(Supplied data begins)

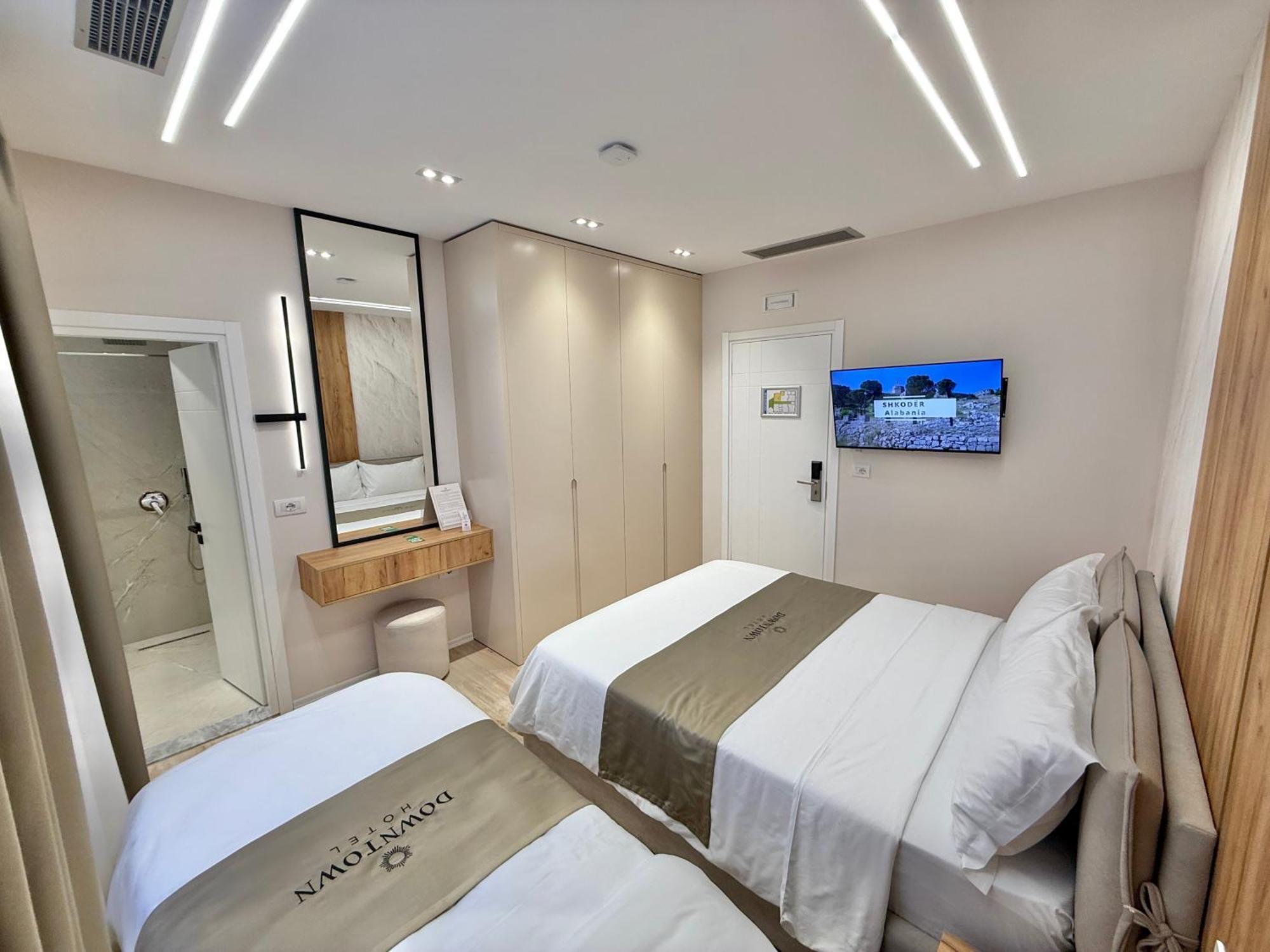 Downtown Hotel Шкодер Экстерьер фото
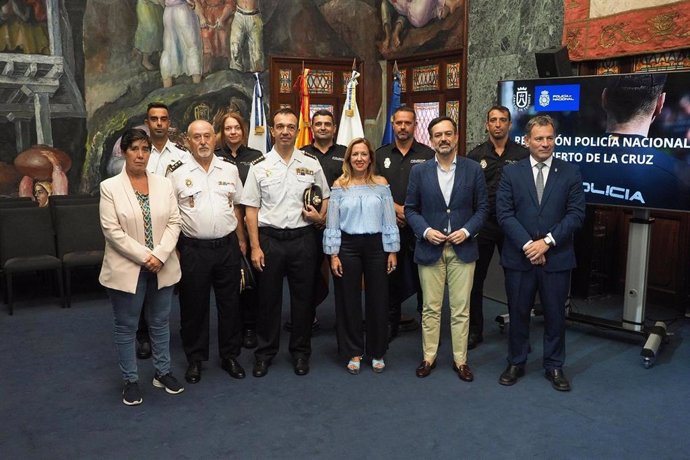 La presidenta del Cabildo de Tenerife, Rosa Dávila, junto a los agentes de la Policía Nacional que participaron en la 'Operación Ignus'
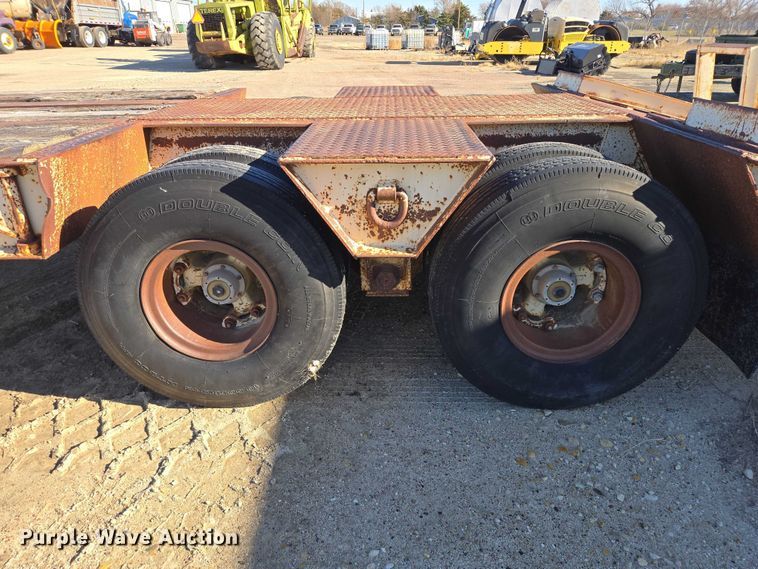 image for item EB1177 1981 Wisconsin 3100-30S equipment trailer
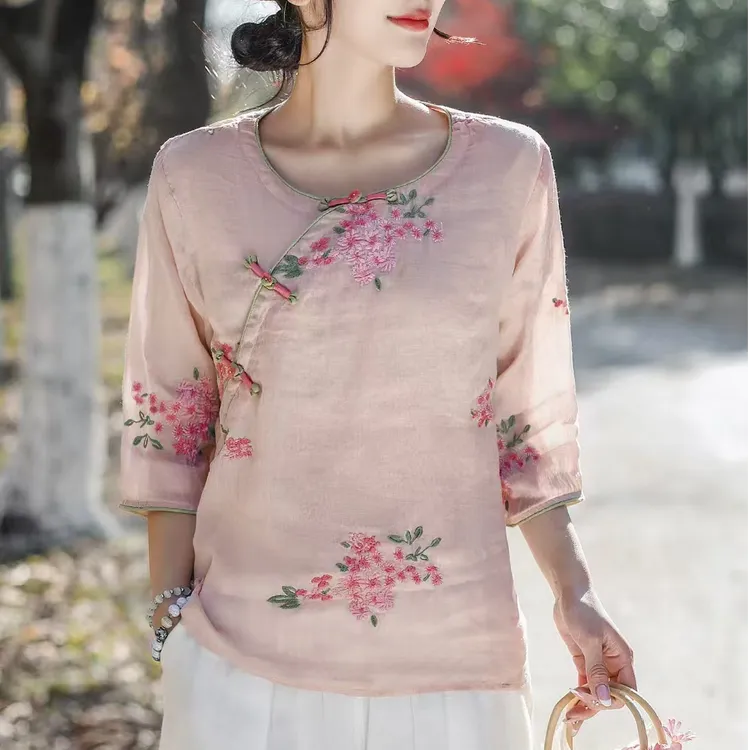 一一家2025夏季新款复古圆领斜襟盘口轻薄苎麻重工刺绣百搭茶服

(Supplied data ends)

Copy out each line of the data exactly as it reads; skip the pictures.

 Downtown Hotel Шкодер Экстерьер фото
 La presidenta del Cabildo de Tenerife, Rosa Dávila, junto a los agentes de la Policía Nacional que participaron en la 'Operación Ignus'
 image for item EB1177 1981 Wisconsin 3100-30S equipment trailer
 一一家2025夏季新款复古圆领斜襟盘口轻薄苎麻重工刺绣百搭茶服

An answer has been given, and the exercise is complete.